Recommend installing a quality alternative AV/Spyware toolset.

Surprised Symantec didn't pick it up, -
- is it a current version ?
- are all services running ?

Unless its some new rootkit variant,
which is being incorrectly detected as Rootkit.Agent.

Meantime -
McAfee/NAI have free tools to remove rootkits.
Please see - http://vil.nai.com/vil/averttools.aspx

HTH
ATB
Paul

Re: How not to deal with a rootkit infestation

Posted: 15 Aug 2008, 22:49
by Chris Sykes
on the sides of the email, if its works email its most prob that you yourself will be responisble to deny spam in a rule on your email software... Surposidly its easy to set up on outlook. If the spam is company wide then the IT guy may have to look further onto blocking the emails...

Re: How not to deal with a rootkit infestation

Posted: 17 Aug 2008, 23:04
by AllanL
Thanks for the suggestions, on Friday it was agreed to replace the hard drive with a larger unit and reload Office, 40gig of work files, etc.

I've been away for the weekend, but managed to grab the McAfee tool at my daughters and then gave it a run earlier today on the way home. It came up with some hidden registry keys but not too much else. The symantec is on a corporate licence and is regularly updated whenever I'm connected to the server, as for the emails well the bulk of them go straight to the junk folder and the ones that do make it to the Inbox folder are usually so blatant that they just get deleted instantly. One of the ones that does get into the Inbox even though it is marked as spam is the variations on the CNN10 beast - but again I'd never open them anyway. Basically if I don't recognise the source it goes straight in the bin.

Re: How not to deal with a rootkit infestation

Posted: 22 Aug 2008, 14:25
by AllanL
The replacement hard drive had the wrong connectors, so reformatted the original drive, reloaded XP and the relevant hardware drivers from the manufacturer's site. As soon as I accessed the web to get some other software from a known source the "ghost" typing started up again.
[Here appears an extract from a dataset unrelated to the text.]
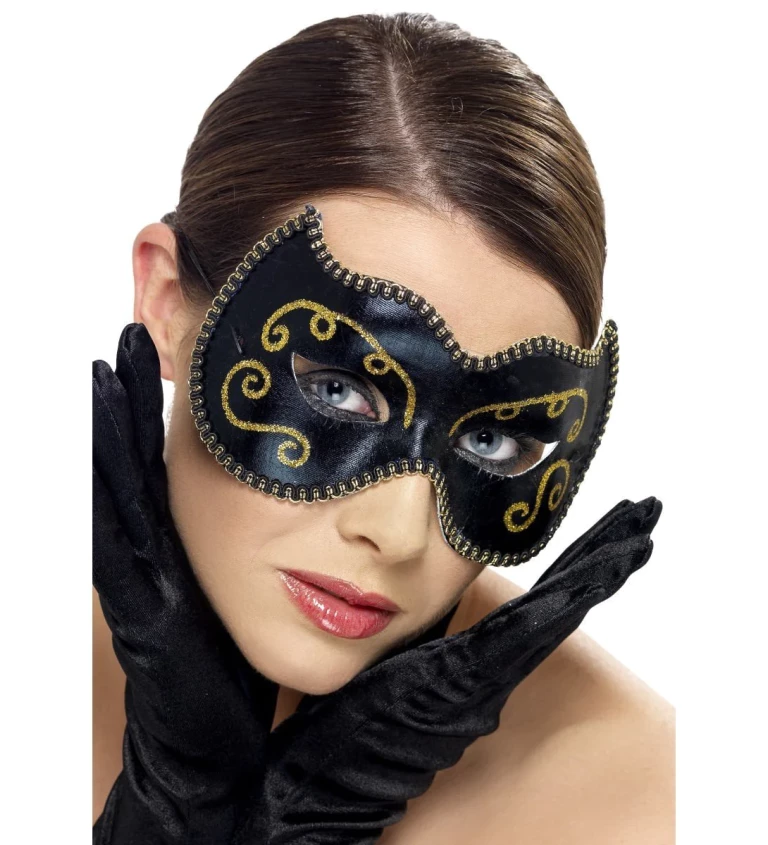 Perzská maska ​​- čierno-zlatá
Now I'm just going to upload my data files onto a completely new machine.

Access to the web is via a server which only has the windows firewall (as do our laptops) - could the system integrity be being breached through the server - not that anyone else in the office is owning up to having any problems?
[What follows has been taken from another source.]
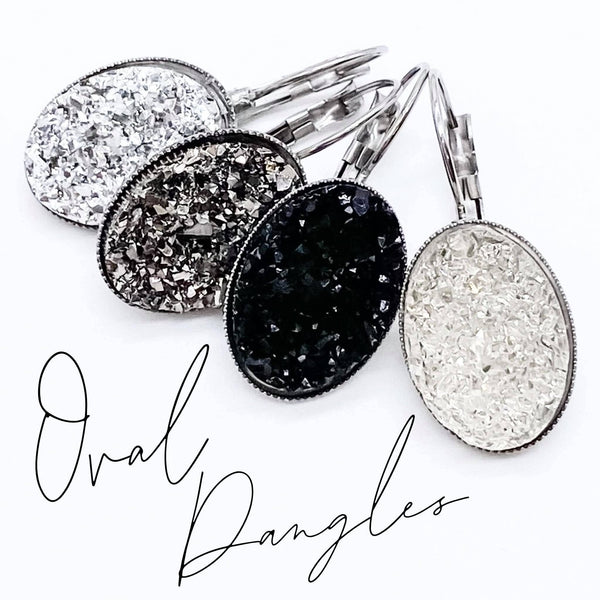 Oval Dangles -Earrings: Crystal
Re: How not to deal with a rootkit infestation

Posted: 22 Aug 2008, 23:02
by TSR2
It sounds like you have some infection elsewhere on your network. Are the machines part of a domain? I'm going to be away for a weeks, so I may not be here for the answer. If they are, build the machine up completely without joining it to the domain and see if you get the same problem. Something has definately been compromised somewhere.